- [Work instruction] Below are the entries. Print only the lines starting at the one with "FASHOR Ethnic Motifs" and ending at the one with "Tom Slingsby victorious", exactly, with no pictures.

- [Exercise data]
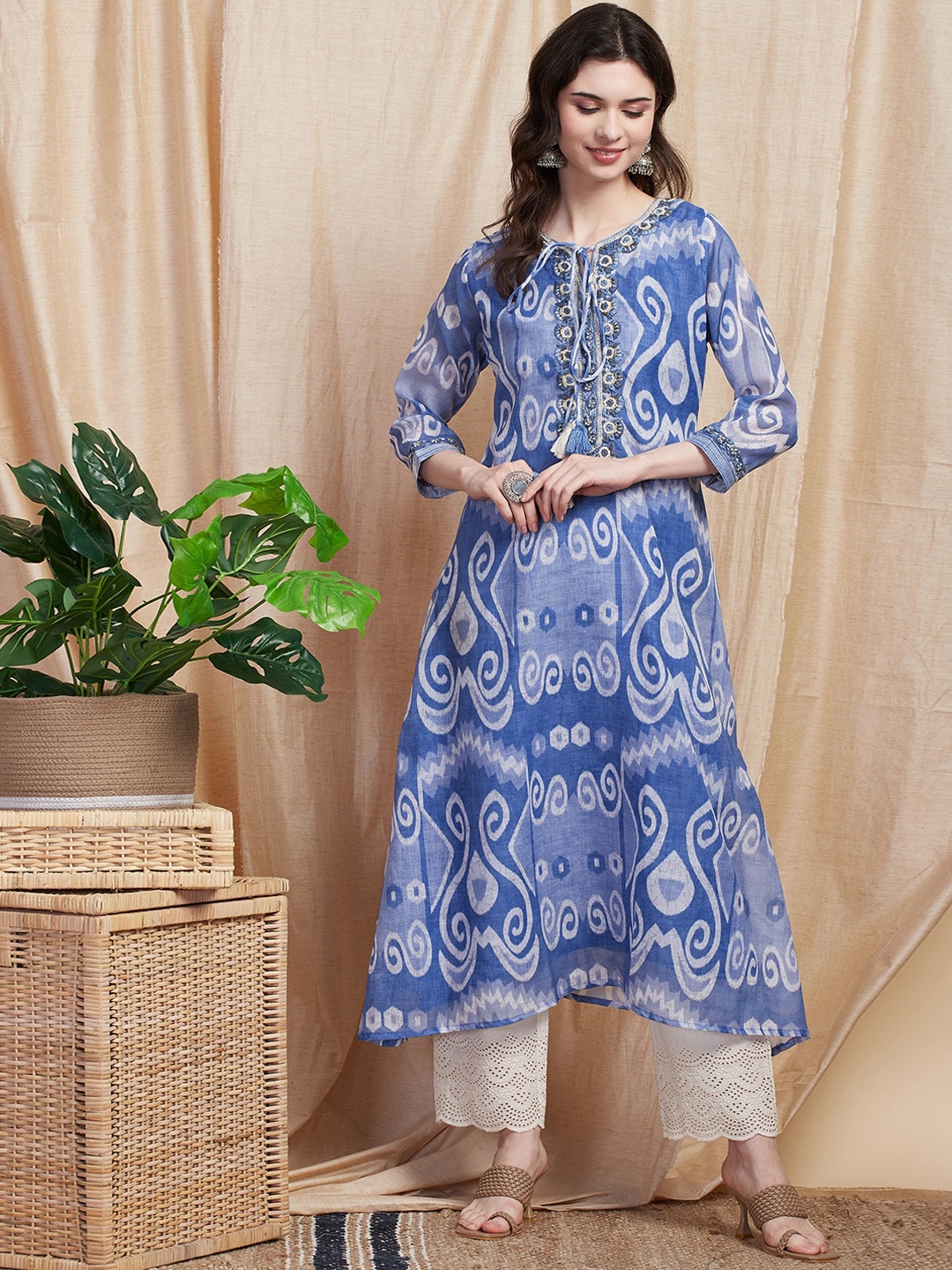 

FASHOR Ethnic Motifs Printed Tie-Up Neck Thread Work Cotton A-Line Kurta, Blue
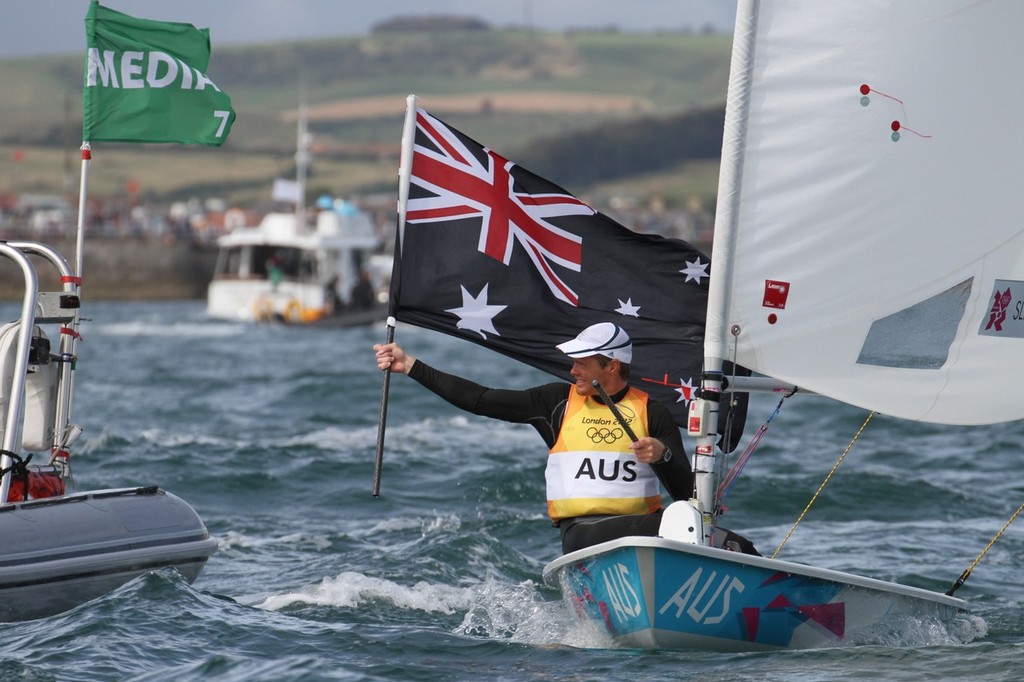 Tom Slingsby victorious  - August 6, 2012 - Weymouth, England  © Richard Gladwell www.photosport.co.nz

---

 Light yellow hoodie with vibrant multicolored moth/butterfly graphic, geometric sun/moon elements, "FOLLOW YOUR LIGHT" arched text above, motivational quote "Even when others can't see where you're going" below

- [Output of the exercise]
FASHOR Ethnic Motifs Printed Tie-Up Neck Thread Work Cotton A-Line Kurta, Blue
 Tom Slingsby victorious  - August 6, 2012 - Weymouth, England  © Richard Gladwell www.photosport.co.nz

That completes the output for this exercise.